Teacher shortage is a real problem
GLADSTONE teachers may be asked to back a campaign to ensure they have adequate and affordable places to live as the region struggles under the industrial boom.
Queensland Teachers' Union central Queensland organiser Barry Thomson said he would canvass teachers about the possibility of running a campaign in the near future for affordable accommodation.
Mr Thomson said during his visit to Gladstone last week he was told by some teachers they were seeking transfers because they could not afford to remain in Gladstone.
The Department of Education has confirmed there were teaching vacancies in schools brought about by the lack of accommodation for teachers, although it said the students were not missing out by the teacher shortage.

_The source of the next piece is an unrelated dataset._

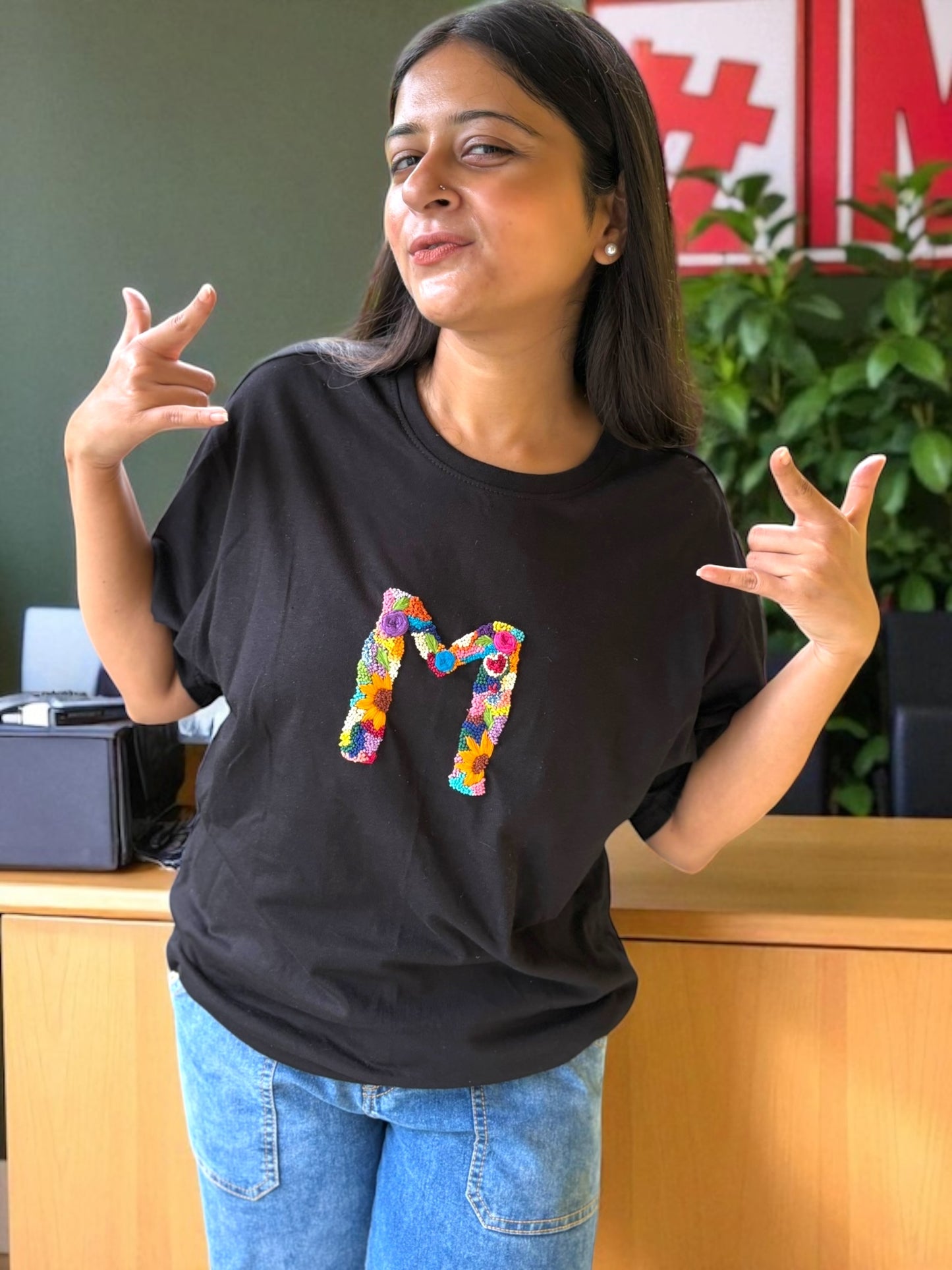 Hana Alphabet Embroidered T-shirt Top -“M” Black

"This is developing into quite a concern among teachers and the union," Mr Thomson said.
"The rents are going up and the teachers, particularly young teachers on a low wage, or teachers who were the sole income earners for their families."
He said other teachers had to travel long distances to and from school to be able to afford their accommodation.
Last month the department's regional director for Central Queensland, Wayne Butler, said Gladstone had a variety of teacher accommodation, financial incentives and other benefits available for eligible teachers.
He said no specific schools were experiencing teacher shortages.
Mr Thomson said it was true there was a variety of accommodation available, "but it's just not enough".
He said while it was possible that at this stage no schools had teacher shortages, increasing rents would put continued pressure on teachers to transfer to schools where accommodation was more affordable.